* **Prompt**
Among the entries below, find each line holding "Picture" and return it.
** Supplied records follows **
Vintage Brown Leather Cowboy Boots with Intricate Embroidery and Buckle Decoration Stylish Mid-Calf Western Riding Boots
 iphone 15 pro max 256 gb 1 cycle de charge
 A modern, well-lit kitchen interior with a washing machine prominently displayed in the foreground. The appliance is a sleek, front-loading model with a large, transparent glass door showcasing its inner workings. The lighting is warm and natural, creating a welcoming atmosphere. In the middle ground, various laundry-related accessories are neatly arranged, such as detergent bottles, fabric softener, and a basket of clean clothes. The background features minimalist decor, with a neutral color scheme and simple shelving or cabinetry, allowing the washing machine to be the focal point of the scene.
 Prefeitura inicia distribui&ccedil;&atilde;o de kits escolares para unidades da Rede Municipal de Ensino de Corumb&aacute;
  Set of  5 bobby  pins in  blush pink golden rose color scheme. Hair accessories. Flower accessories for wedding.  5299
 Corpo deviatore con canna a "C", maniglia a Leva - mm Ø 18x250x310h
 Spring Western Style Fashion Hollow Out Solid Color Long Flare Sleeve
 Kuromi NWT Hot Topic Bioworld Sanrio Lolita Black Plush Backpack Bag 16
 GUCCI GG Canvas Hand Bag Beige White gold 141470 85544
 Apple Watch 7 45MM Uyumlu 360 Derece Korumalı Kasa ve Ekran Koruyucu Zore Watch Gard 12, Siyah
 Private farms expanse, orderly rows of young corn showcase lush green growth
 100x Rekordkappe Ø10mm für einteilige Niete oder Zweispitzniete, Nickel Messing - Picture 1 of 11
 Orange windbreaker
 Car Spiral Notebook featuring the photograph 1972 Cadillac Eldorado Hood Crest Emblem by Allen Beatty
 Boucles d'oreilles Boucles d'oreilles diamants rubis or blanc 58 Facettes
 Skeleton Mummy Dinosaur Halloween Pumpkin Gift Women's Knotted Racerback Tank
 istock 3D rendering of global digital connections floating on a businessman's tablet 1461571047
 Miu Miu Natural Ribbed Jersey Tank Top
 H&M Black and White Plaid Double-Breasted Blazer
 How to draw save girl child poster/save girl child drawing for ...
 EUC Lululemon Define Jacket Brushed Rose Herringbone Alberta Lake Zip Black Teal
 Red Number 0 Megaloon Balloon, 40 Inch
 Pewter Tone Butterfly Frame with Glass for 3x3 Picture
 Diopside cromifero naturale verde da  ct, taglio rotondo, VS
** End of Supplied records **
* **Output**
 100x Rekordkappe Ø10mm für einteilige Niete oder Zweispitzniete, Nickel Messing - Picture 1 of 11
 Pewter Tone Butterfly Frame with Glass for 3x3 Picture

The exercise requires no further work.